A Sharing by Maureen Causing, SFL Pasig
“Love bears all things, believes all things, hopes all things, endures all things.” – 1 Corinthians 13:7
Three years. It was three years that I fell flat, thinking that I was a victim of a heart break.
It was late 2012. The first few weeks were horrible. I would sleep and wake up crying, wanting none of the pain that lingers, that never seemed to go away. I would pray unceasingly wanting, hoping for the Lord to take away all the hurt; but He said, “no, not yet.” Months and years passed, the pain was no longer that piercing, but it was still there. I still saw myself as “the victim,” the person who got rejected, who was not chosen, who was not loved enough. Some days it made me angry, some days deeply upset, some days confused. It took me 3 years of moving back and forth, sometimes even going back to square one.
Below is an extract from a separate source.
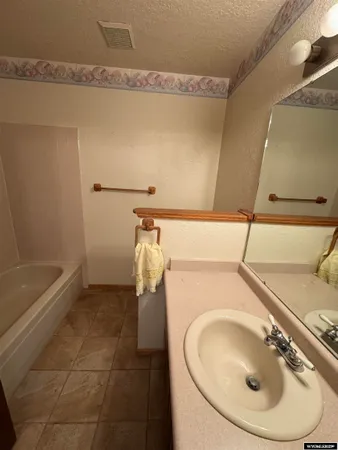 $495,000 | 221 Rimrock Drive, Evanston, WY 82930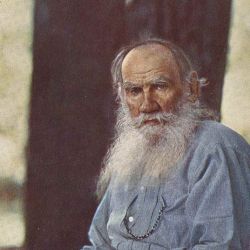 León Tolstói. Primera foto en color que se hizo en Rusia en 1908. | Foto:Serguei Prokudin-Gorski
But on that third year, God let it happen. No, there was no romance rekindled. Only that He whispered to me what I never understood all along – that it’s okay to say that there are things that hurt me; that to be honest, in those years, I hadn’t completely recovered from a broken heart. That it was still almost as painful because I was trying to control my own healing process, but I can’t. And it’s painful not because I can’t, but because I am not letting Him heal me with His mercy and love. At that very moment, in a stadium in Cebu with thousands of people listening to a God-driven talk, my Ultimate Healer let me go of the broken pieces of my heart; and, He held them in His very hands. I’ve chained myself to an identity that wasn’t really mine, and finally had been set free – I was not a victim. God reminded me of who I really am, and it was at this moment that I knew that I am loved beyond measure.
He held my heart so tight that it caused His love to overflow. And when it did, it gave peace to my once wounded heart. I would have never imagined that I feel genuinely happy for someone who has hurt me most, and all the more to be genuinely happy for myself, with where I am now. Trust me, the feeling is overwhelming. Something I have long-waited for to happen, which I somehow lost hope for along the road, was definitely possible. And it was not my doing, but the unfathomable ways of God.
I’m not one to be cheesy and go all preachy, but I know that in the deepest part of my heart, God’s work in my life is true, and so is His promise. The Lord knows how much I wanted to heal. He knew me well and He planted the deepest desires of my heart that kept me moving forward. Sometimes, I get reminded of what I had to endure. But I get it now, the moments when I remember my heart break story are the same moments when convictions become stronger. God gave me 3 years – years that ironically remind me that I am accepted, chosen, and most of all loved. In those years, I was taught that you have to trust and depend on God to do the healing. And you, you choose to be healed.